### What you have to do
Whenever a line in the data below includes the string "trees", copy it out.

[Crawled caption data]
- - - - - - -

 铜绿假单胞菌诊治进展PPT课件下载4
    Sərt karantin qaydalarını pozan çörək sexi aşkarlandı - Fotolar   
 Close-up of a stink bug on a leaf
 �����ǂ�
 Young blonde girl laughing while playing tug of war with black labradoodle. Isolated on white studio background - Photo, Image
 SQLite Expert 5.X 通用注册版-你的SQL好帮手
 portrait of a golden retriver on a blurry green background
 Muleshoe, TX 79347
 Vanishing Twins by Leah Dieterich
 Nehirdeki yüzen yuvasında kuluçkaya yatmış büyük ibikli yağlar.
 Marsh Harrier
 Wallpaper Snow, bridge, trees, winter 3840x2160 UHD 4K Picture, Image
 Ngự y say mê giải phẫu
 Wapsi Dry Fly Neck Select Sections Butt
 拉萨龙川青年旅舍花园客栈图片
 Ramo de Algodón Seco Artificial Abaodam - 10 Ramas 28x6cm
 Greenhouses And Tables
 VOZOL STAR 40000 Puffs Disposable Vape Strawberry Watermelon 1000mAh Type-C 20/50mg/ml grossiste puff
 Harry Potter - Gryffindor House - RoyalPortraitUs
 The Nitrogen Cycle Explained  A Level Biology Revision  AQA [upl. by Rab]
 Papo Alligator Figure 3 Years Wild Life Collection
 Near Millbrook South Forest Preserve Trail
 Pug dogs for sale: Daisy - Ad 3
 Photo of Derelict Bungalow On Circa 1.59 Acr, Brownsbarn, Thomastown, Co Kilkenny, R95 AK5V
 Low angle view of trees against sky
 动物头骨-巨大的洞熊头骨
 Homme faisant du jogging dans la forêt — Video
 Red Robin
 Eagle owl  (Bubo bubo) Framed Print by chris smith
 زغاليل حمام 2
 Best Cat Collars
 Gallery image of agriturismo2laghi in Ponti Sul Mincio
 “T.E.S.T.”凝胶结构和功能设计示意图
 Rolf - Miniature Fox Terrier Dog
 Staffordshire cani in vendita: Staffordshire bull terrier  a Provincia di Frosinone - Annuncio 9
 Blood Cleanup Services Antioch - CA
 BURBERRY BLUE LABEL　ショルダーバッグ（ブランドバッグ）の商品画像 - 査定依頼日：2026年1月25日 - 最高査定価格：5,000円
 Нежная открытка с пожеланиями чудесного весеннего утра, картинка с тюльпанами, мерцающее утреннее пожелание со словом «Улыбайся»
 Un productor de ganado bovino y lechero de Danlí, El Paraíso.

- - - - - - -

### Exercise result
 Wallpaper Snow, bridge, trees, winter 3840x2160 UHD 4K Picture, Image
 Low angle view of trees against sky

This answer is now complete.